Dopo oltre dieci anni di blocco del turn-over, di tagli indiscriminati e di drastica riduzione del personale da parte dei diversi Governi, è minacciata ora la sopravvivenza stessa dei Dipartimenti di Salute Mentale nella loro funzione di tutela della salute mentale dei cittadini ed è diventata urgente la necessità di ricostruire servizi ormai ridotti allo stremo, fermando la miope e rovinosa attività di una classe politica autoreferenziale, che ignora i veri bisogni delle persone con sofferenza mentale.
In tal senso, la mancata proroga e l’invio a cinque operatori dell’ASL Roma G dell’avviso di interruzione del contratto da DGR 980/09*, è un segnale che va ben al di là di una mera vertenza sindacale, di una disattenzione degli uffici regionali preposti alla salute mentale e, tanto più, del passo falso di un direttore generale che, con tale provvedimento, decreta in pratica la chiusura di servizi già in grave difficoltà, che richiedono, invece, urgenti misure di adeguamento del personale agli standard definiti dai progetti obiettivo nazionale e regionale per la salute mentale.
Si tratta in realtà del completamento di un nefasto disegno, purtroppo in gran parte già attuato, di smantellamento dei servizi di comunità per la presa in carico globale e l’inclusione sociale e lavorativa delle persone con disagio psichico-sofferenza mentale e del consolidamento di un regime di trattamenti sanitari obbligatori, di istituzionalizzazione a vita in strutture (case di cura, cosiddette comunità terapeutiche ecc.), per lo più private, in gran parte delle quali non viene praticata alcuna seria attività di riabilitazione.

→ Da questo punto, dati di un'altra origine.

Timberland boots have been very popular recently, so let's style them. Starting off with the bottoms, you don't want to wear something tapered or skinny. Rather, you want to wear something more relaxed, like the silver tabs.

Queste strutture assorbono, già oggi, almeno il 70% delle risorse destinate alla tutela della salute mentale, con una spesa di gran lunga superiore ai costi di un bene organizzato sistema di prevenzione, cura e riabilitazione. E tutto ciò avviene senza tenere alcun conto delle esperienze dell’ultimo cinquantennio, che proprio nella presa in carico precoce a livello territoriale e nell’avvio di un percorso personalizzato di riabilitazione e di inclusione sociale e lavorativa hanno individuato le condizioni fondamentali per restituire a gran parte di queste persone soddisfacenti condizioni di autonomia e indipendenza economica, anche, fra l’altro, con un notevole risparmio per la collettività.
L’inizio dell’interruzione dei contratti da DGR 980/09, quindi, non è altro che la lampante manifestazione della volontà di inferire il colpo di grazia a un sistema che, a causa dell’insufficienza del personale, è già oggi una “fabbrica di cronicità e disabilità” nel quale i Centri di Salute Mentale, tranne pochissime eccezioni, sono diventati poco più che dispensari di psicofarmaci e luogo di smistamento dei pazienti in crisi verso strutture di ricovero di tipo neomanicomiale.

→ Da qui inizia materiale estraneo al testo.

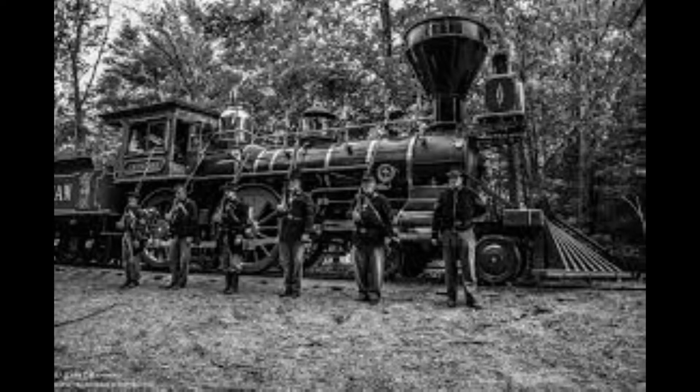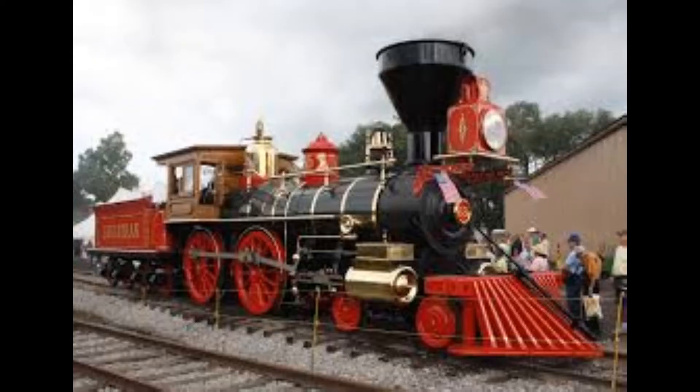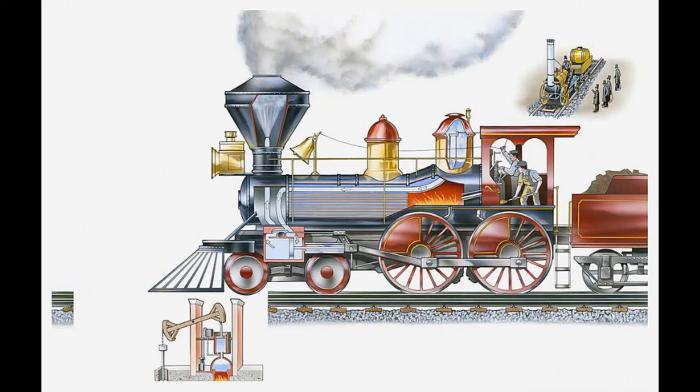Inside the Leviathan, coal is burned in the firebox. Hot gases find their way through long pipes in the boiler leading to the funnel and out of the locomotive. These gases heat up large amounts of water in the boiler. The regulated valve located in the dome controls the passage of steam to the cylinders. The safety valves in the boiler release steam if pressure rises to deadly levels.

Ben altra prontezza c’era stata, ad esempio, per la realizzazione di altre strutture di tipo custodialista, quali le REMS [Residenze per l’Esecuzione delle Misure di Sicurezza, N.d.R.], nel recente tentativo di chiusura degli Ospedali Psichiatrici Giudiziari!

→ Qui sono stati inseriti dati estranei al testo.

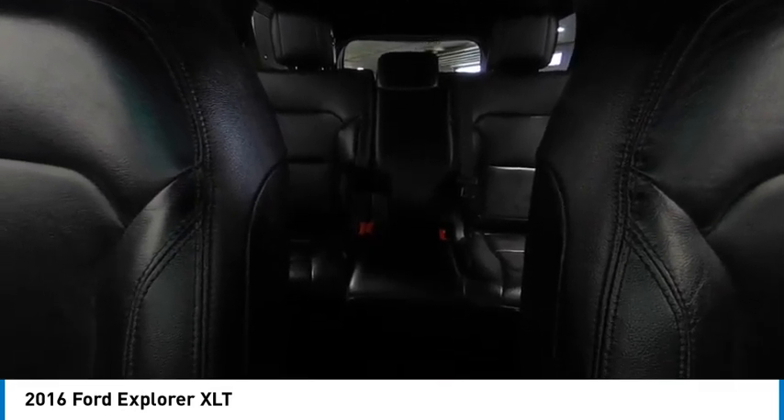Take this vehicle for a spin and see why so many shoppers are now proud owners.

Porre fine a questa drammatica deriva e invertire la rotta è un’urgenza ormai inderogabile, che chiama a una rinnovata mobilitazione tutte le persone che hanno a cuore i diritti e la salute delle persone. L’annunciata costituzione di un Comitato di Emergenza per la Tutela della Salute Mentale nel Lazio, da parte delle associazioni degli utenti e dei familiari e di quelle per la tutela dei diritti, può rappresentare uno strumento decisivo per il cambiamento.
*La Delibera della Giunta Regionale del Lazio 980/09 del 23 dicembre 2009, recante “Approvazione piano triennale di intervento a sostegno della rete dei servizi per la salute mentale ecc.”.